What the exercise asks:
After locating the line with "避免辛辣刺激饮食和饮酒； 5. 定期复诊，记录恢复情况。" below, output it and each following line exactly, stopping after the line with "The Satyricon of Petronius Arbiter". No pictures.

Supplied entries:
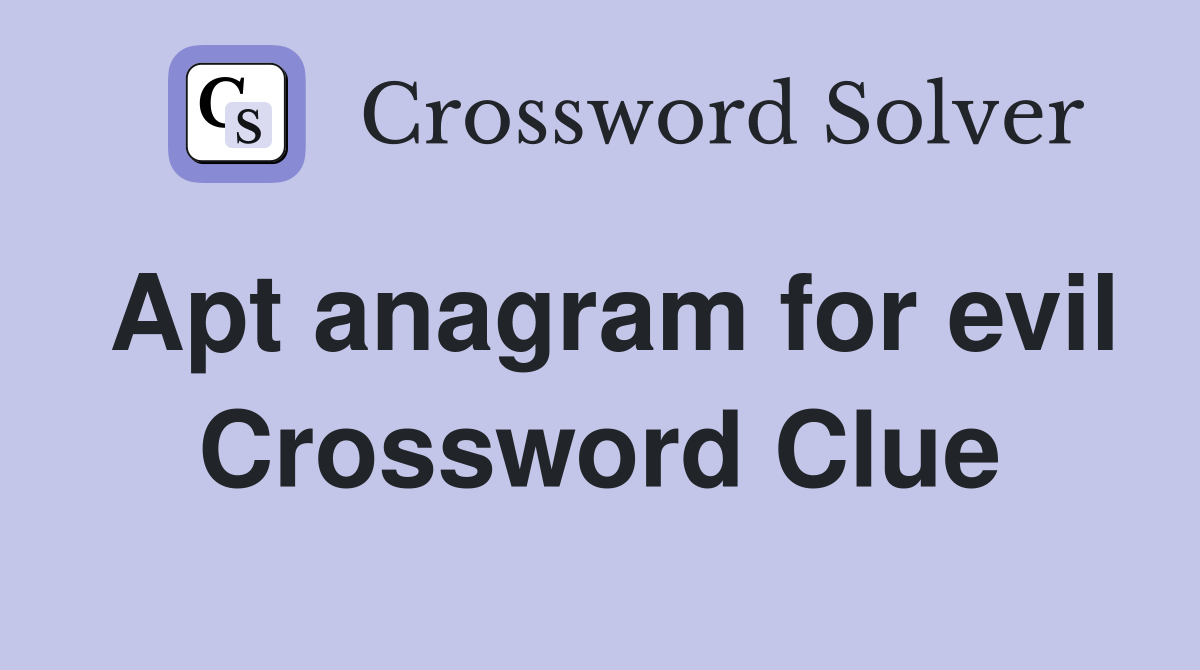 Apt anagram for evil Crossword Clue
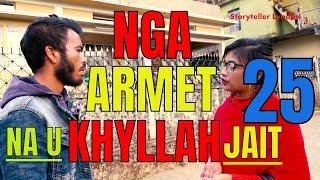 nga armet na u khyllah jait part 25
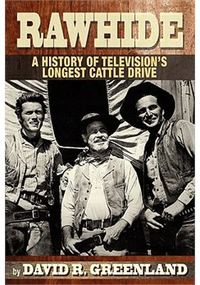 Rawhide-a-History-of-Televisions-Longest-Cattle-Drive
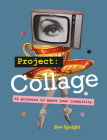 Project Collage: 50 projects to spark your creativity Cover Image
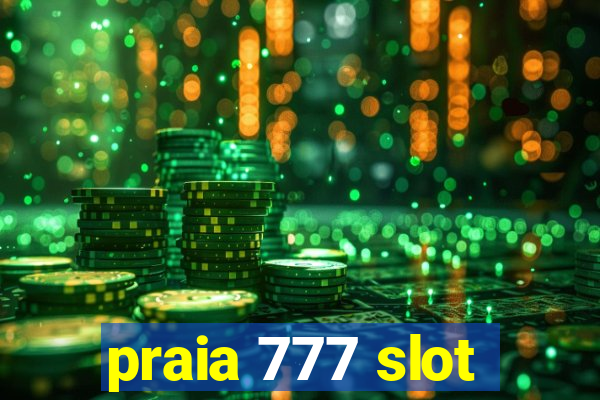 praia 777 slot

--

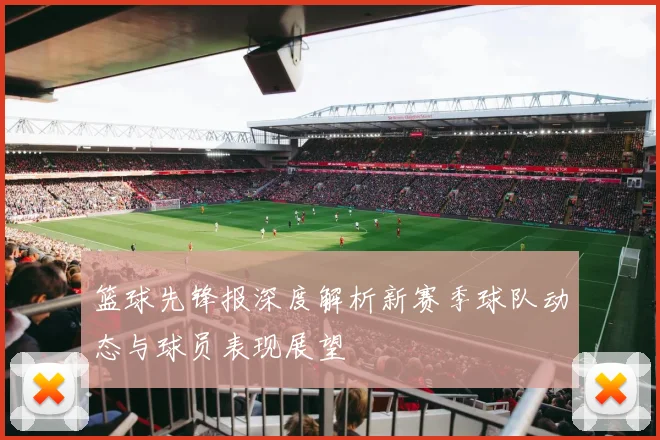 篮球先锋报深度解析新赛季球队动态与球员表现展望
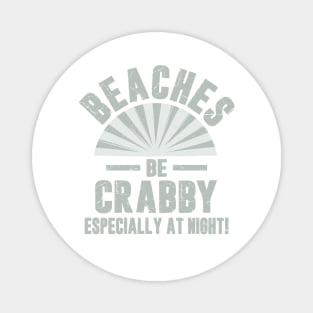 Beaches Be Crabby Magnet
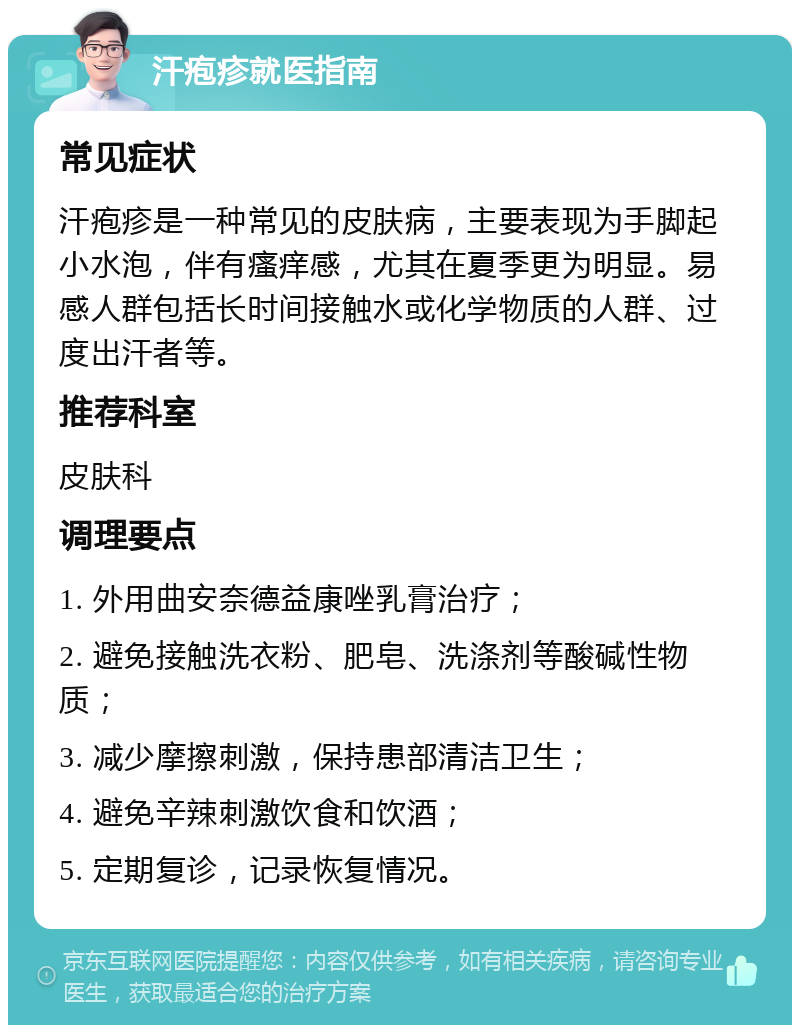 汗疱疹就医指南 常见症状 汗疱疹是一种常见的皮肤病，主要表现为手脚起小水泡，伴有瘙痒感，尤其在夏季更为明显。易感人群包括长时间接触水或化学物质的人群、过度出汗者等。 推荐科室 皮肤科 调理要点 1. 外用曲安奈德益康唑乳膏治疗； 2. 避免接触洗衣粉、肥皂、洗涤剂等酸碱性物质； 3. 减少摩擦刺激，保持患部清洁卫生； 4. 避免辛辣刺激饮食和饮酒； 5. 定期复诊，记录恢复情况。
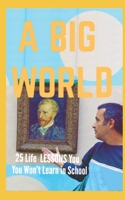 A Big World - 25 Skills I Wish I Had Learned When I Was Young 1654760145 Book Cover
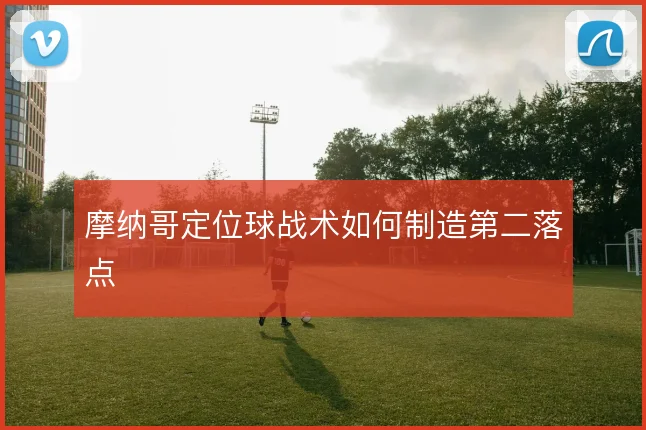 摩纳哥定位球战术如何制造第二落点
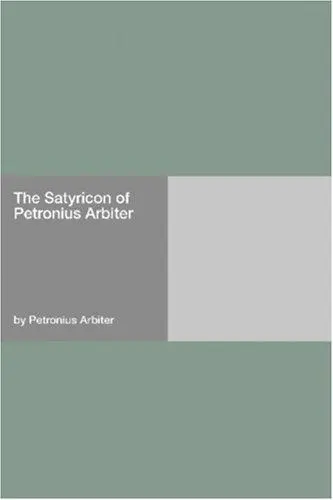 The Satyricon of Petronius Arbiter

---

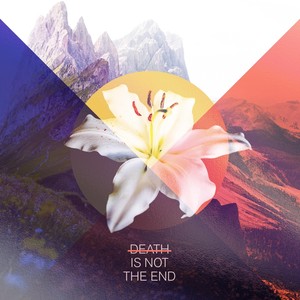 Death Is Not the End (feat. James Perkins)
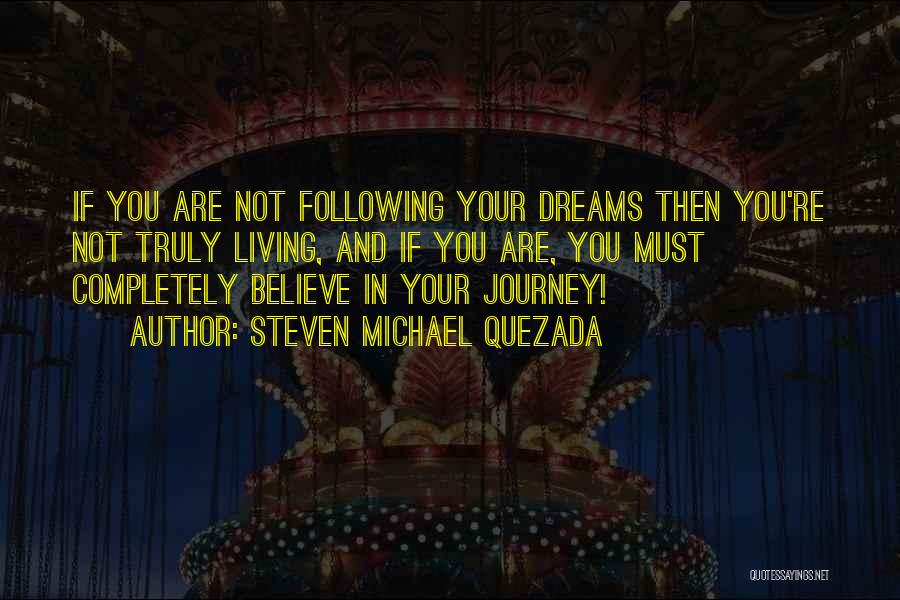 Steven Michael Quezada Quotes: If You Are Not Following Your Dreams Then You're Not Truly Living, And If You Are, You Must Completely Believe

Solution:
 汗疱疹就医指南 常见症状 汗疱疹是一种常见的皮肤病，主要表现为手脚起小水泡，伴有瘙痒感，尤其在夏季更为明显。易感人群包括长时间接触水或化学物质的人群、过度出汗者等。 推荐科室 皮肤科 调理要点 1. 外用曲安奈德益康唑乳膏治疗； 2. 避免接触洗衣粉、肥皂、洗涤剂等酸碱性物质； 3. 减少摩擦刺激，保持患部清洁卫生； 4. 避免辛辣刺激饮食和饮酒； 5. 定期复诊，记录恢复情况。
 A Big World - 25 Skills I Wish I Had Learned When I Was Young 1654760145 Book Cover
 摩纳哥定位球战术如何制造第二落点
 The Satyricon of Petronius Arbiter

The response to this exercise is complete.